Senior Office Aims to Keep County's Over-50 Population Fully Engaged


(Monday, March 24, 2008 4:04 PM EDT)

The Baby Boomers aren't babies anymore, and as they reach their silver years, current services for seniors will have to change to meet their needs. Barbara Karro, manager of Arlington's Office of Senior Adult Programs, is gearing up to meet this challenge in the county.

Many Boomers cringe at being called a senior, and wouldn't be caught dead in a senior center. They “want to be young their whole life,” Karro said in a recent interview.

But as they age, they will have to answer the same questions as have generations before: What do I do with my time now that I'm retired? How do I stay social, now that many of my friends have died and my family lives far away? What is the meaning of my life?

The Office of Senior Adult Programs offers activities and venues for socializing that help answer some of these questions.

“All our programs are to keep [seniors] socially engaged and involved in relevant, meaningful activity,” Karro said. Just like their parents and grandparents, the Boomers will “need to be needed.”

Currently the county's strength-training and Pilates classes and travel opportunities are the draws for the younger set, but many Boomers aren't taking advantage of the many other programs offered for seniors.

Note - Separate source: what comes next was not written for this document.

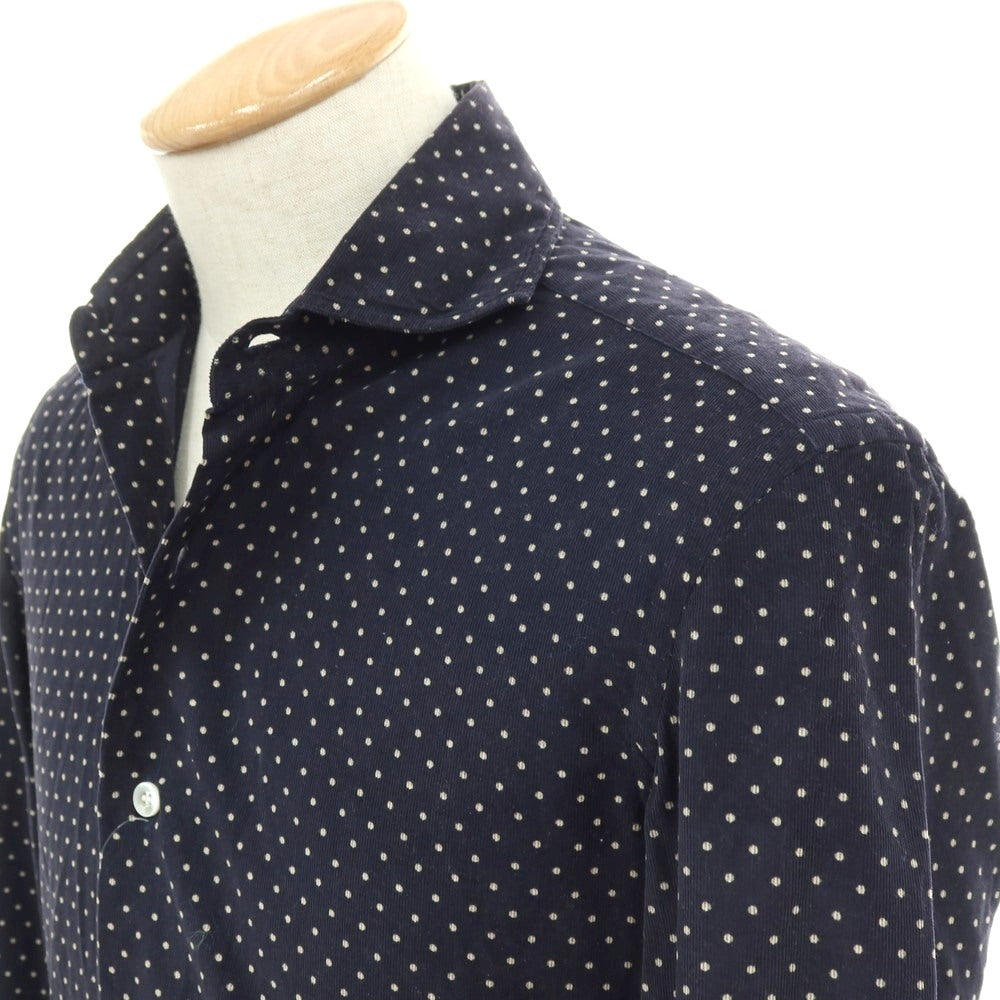 【中古】エリコフォルミコラ ERRICO FORMICOLA コットン 細畝コーデュロイ ドット ホリゾンタルカラー カジュアルシャツ ネイビー【サイズ37】【 状態ランクB 】【 メンズ 】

Karro has some changes in mind to get more Boomers involved, such as updating senior center facilities and offering guidance on employment and volunteer opportunities that would use the skills they developed during their previous careers.

“People retiring at 60 today are not like their parents were at 60,” she said. “Many people are retiring before they're ready to disengage from the workforce.”

Bringing in peer advisors trained to provide employment counseling and offering seminars like “Flourishing After 50” have been a good start in changing the role of senior centers and programs, but Karro believes society, and the Boomers themselves, have to change their conception of aging to make a real difference.

Karro said she knows seniors who have had a hard time finding meaningful and challenging jobs. Employers have to realize they can use seniors as a resource, and should consider hiring them as consultants on a part-time basis, she said.

“We're a young country that worships youth,” Karro said. “There has to be a more wholesome attitude towards seniors.”

And seniors themselves should try and be more receptive of the idea of aging.

“End of life is scary,” Karro said. “But aging is no longer scary. You do develop limitations, but you learn to work around them.”

Karro hopes that bringing meaningful engagement to Boomers' lives through volunteer and employment opportunities “will create a synergy to break the barrier of their not coming” to senior centers for fear of being considered old, she said.

“My goal is to get people engaged in healthy activities that improve their quality of living,” Karro said. “This is the time of your life!”

Barbara Karro is manager of the Office of Senior Adult Programs for the county government.